Confirmed commit behavior is not RFC compliant

Reference files

a-test.yang

module a-test {
    namespace "http://test.com/yang/";
    prefix test;
  container contain-1 {
    list data {
      key "name";
      leaf name {
        type string;
      }
      leaf value {
        type string;
      }
    }
  }
}

input1.xml

<contain-1 xmlns="http://test.com/yang/">
  <name>key</name>
  <value>first_value</value>
</contain-1>

input2.xml

<contain-1 xmlns="http://test.com/yang/">
  <name>key</name>
  <value>second_value</value>
</contain-1>

input3.xml

<contain-1 xmlns="http://test.com/yang/">
  <name>key</name>
  <value>third_value</value>
</contain-1>

Case 1 | Second confirmed commit before first times out

From RFC6241

If a follow-up confirmed operation is issued before the timer expires, the timer is reset to the new value (600 seconds by default). Both the confirming commit and a follow-up confirmed operation MAY introduce additional changes to the configuration.

The second confirmed commit has to be treated as an update to the values of an existing confirmed commit. It must not overwrite the backup values set by the original confirmed commit operation.

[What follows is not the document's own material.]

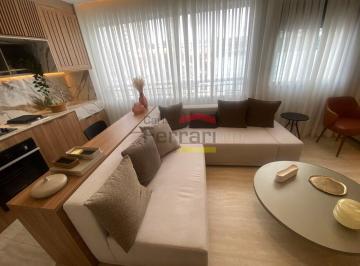 Apartamento · 53m² · 3 Quartos · 1 Vaga · Venda de Apartamento jardim São Paulo Lançamento
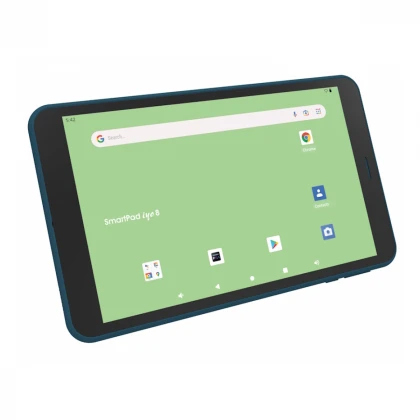 MEDIACOM Smartpad IYO 8 SP8GY 8 inch RK3562 Quad Core 2.0GHz 3GB 32GB Android 14.0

It seems every time a confirmed commit is received, the server creates a backup of the current running configuration. However, in this case, when the second commit is issued, no new backup must be done, since it is still the same transaction (the first confirmed commit was not confirmed by a confirming commit).

> edit-config --target candidate --config=input1.xml
> commit

> get-config --source candidate (at this point "key" has the value "first_value")
> get-config --source running (at this point "key" has the value "first_value")

> edit-config --target candidate --config=input2.xml
> commit --confirmed --confirm-timeout 600

> get-config --source candidate (at this point "key" has the value "second_value")
> get-config --source running (at this point "key" has the value "second_value")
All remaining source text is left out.